Could also have speech problems. Could be lazy. Could want to save time. Could be useful at producing consistent CC information across mediums. Could allow people to choose arbitrary voice synthesis in the future which super futurists may like the idea of. Could have used a translator to produce the text (I haven't listened) and not know English atall.
Personally, I'll take the human voice unless you literally cannot speak (e.g. disability) or feel uncomfortable.
Many academics like the ability to "compile" latex, and probably want to "compile" their videos too, complete with autogenerated script. That way, when they make a small change to their source code, the new version will autogenerate a new video with an updated script.

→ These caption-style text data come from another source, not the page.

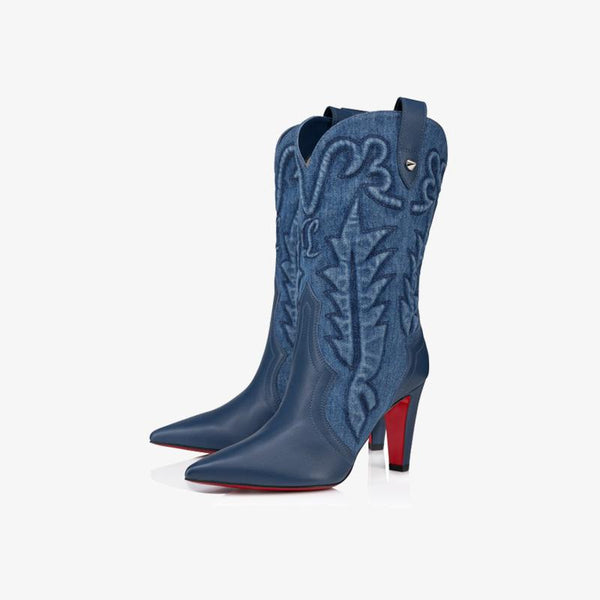 Wild West-Inspired Denim Ankle Boots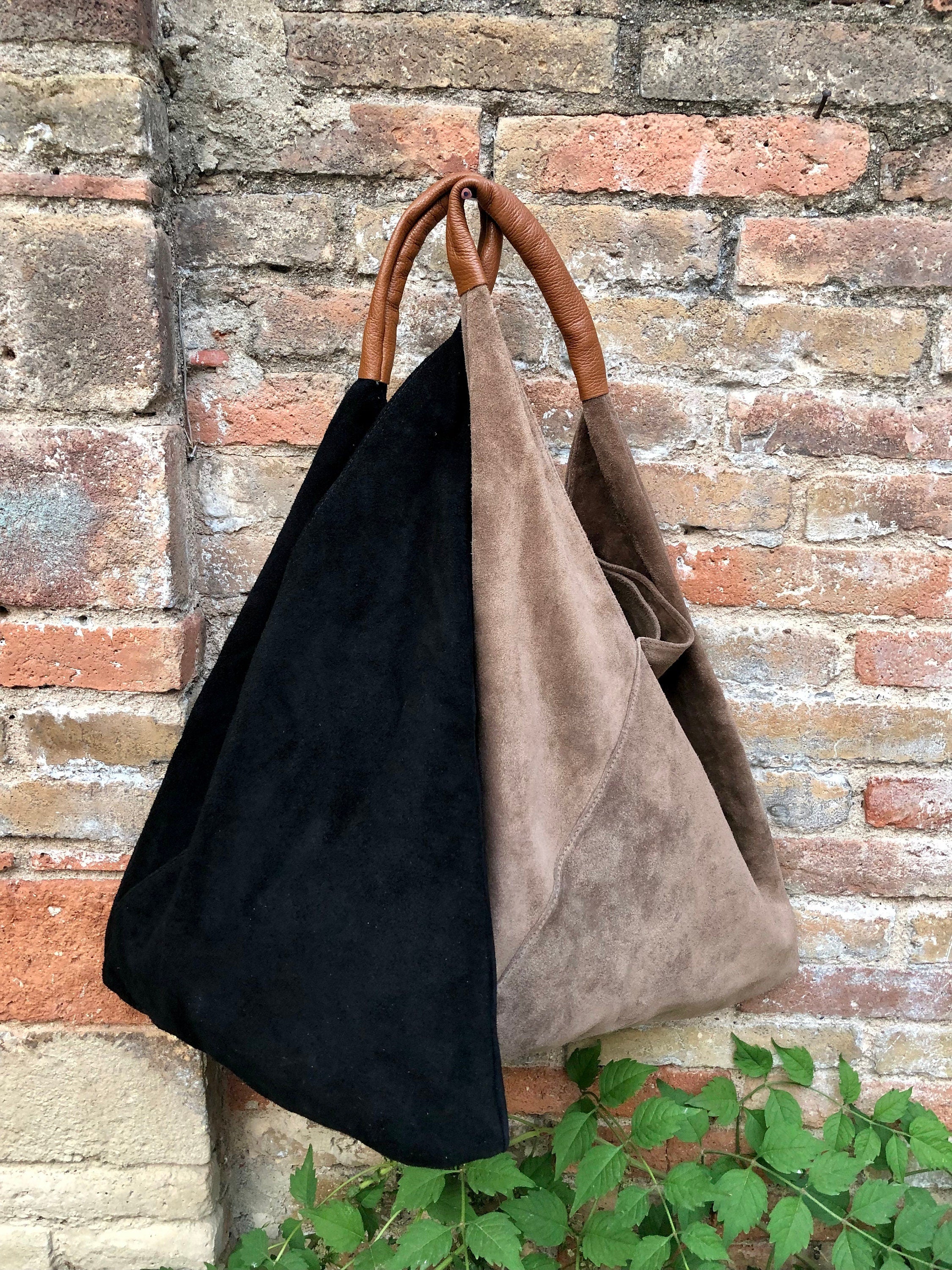Slouch leather bag in dark brown suede. Genuine leather shoulder bag. Origami bag + camel brown leather accent. Large shopper. Brown purse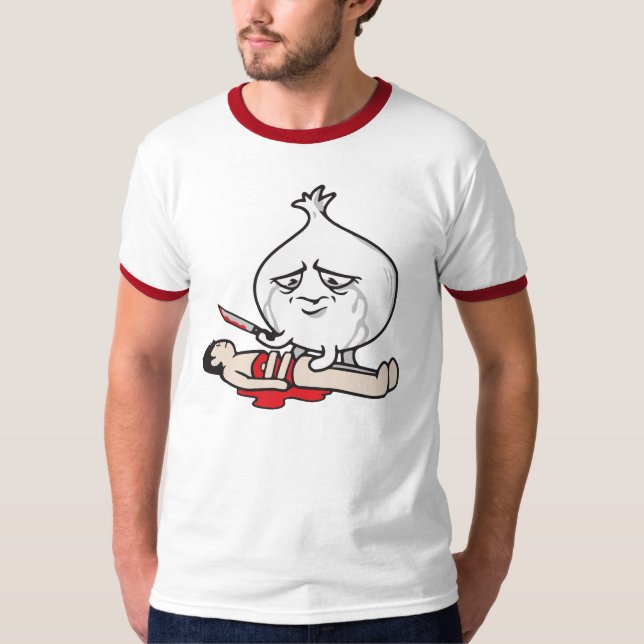 Camiseta Cebola Engraçado Chorando, Cortando Humanos (Frente)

I like real voice but I could see if you were generating lots of videos and doing so in multiple languages, you could abstract that away a bit and dynamically generate videos these days. This is part of the reason video containers are often separated into components/layers (for video and audio tracks). I dont see why you couldn't also have the subtitle data read and generate the audio dynamically based on language. Some of this probably already happens somewhere by some group. Just an idea that I found interesting, similar to composing documents with LaTeX etc. Think of the audio as the "presentation" layer for a lot of visual frameworks used and think of similar structures for audio. It's especially useful for videos where the speaker isn't visible so syncing audio with lip movements across languages isn't a problem.
Personally, I'll take the human voice unless you literally cannot speak (e.g. disability) or feel uncomfortable.